My sister and I have started a family archive box. We decided that almost anyone should be able to make room in their lives for one box. We don’t know where it will end up yet, but we figure we’ll make the box first, then coerce, or elect someone in the family, probably someone younger than us, to be the archivist. Once the archivist takes over, this will require some letting go on our part. Maybe the archivist will decide to rearrange everything, or throw out half of it (hope not) or scan it all and put it on Facebook. We’ll figure that out later.
So in the meantime, we’re keeping it simple. We’re taking all the old miscellaneous clippings, from Uncle Stan’s obituary to photos of Daddy from the local paper, taping them to white paper with archival photo tape, and putting them into page protectors. There probably is a better way: we could make photocopies of all the newspaper clippings, or scan them into a digital files, but we’re doing low tech for now, because the family archivist might decide to change it all later.
We’ve also got big brown envelopes, one for each family member. So into the envelope labeled “Huffygirl” goes all my childhood stuff. In goes the First Communion group picture where I was made to stand in the second row because I didn’t have the official white shoes. In goes my two baby pictures. In goes the graduation programs, old report cards, and engagement
announcement. In goes my wedding photo from the newspaper, taken back in the day when the photo featured only the bride, and a two-column article accompanied the picture, describing the bride’s and bridesmaid’s gowns. In goes all the school photos with hideous hair and silly looking glasses, the photos that make my kids say “Why did Dad marry YOU?”
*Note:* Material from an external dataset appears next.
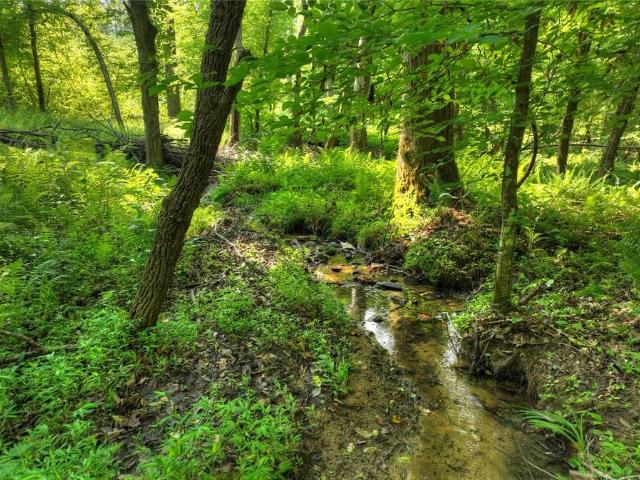 House for sale in Pickens, Georgia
In goes our parent’s wedding pictures, childhood pictures and the family photo album. In goes some of our parent’s things that we couldn’t decide who should take but didn’t know what to do with. Like the prayer book Mom carried up the aisle on her wedding day. The mother of pearl cover is brittle and breaking off from the rest of the book. But we couldn’t discard it. In goes Daddy’s Army uniform insignia. Some are service bars, maybe some are medals, we can’t tell. As far as we know he didn’t do anything unusually heroic that would have merited an important medal that could go to a museum, so it’s going in the box.
We’re not sure how far the box should go – we’ve got high school graduation photos for most of Daddy’s siblings. Should we disperse these to our cousins or keep them as part of our family history? So far they’re going in the box. We’re thinking that our cousins already have these photos too, but maybe their parents weren’t as good about saving things as ours were, so who knows. But for now, in the box.
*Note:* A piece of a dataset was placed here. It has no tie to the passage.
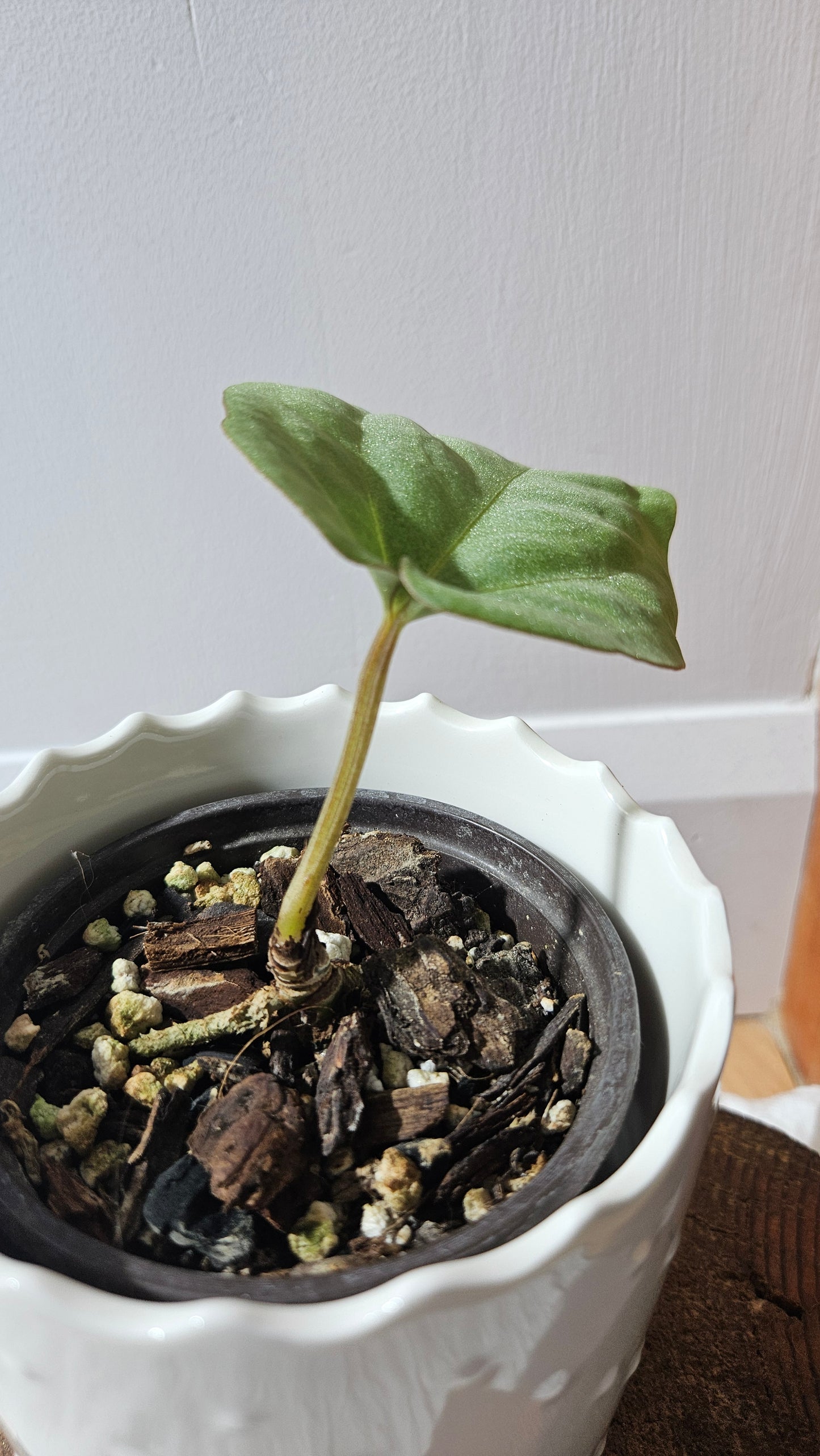 Anthurium Black Velvet Panama"format MOYEN" (ANT-619)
There’s still stuff left that can’t go in the box, that we still don’t know what to do with: Mom’s wedding dress, Daddy’s Army and Legion uniforms; Mom’s First Communion veil, circa 1935, and more. We could start another box, but
then when would we stop? We could easily end up with multiple boxes of family things that get packed away somewhere because they’re too hard to store, and no one will ever look at because who wants to go through all those boxes? Saving so many boxes would defeat the purpose of preserving family history, as the task would become too lugubrious. So, for now we’re sticking with distilling our family history and memories down to what will fit in one box. By the time the house is emptied and we’re ready to pound the “For Sale” sign into the dandelion-specked grass, we may have come up with a different plan. But for now, we’ll stick with our original intent: to put our family in a box.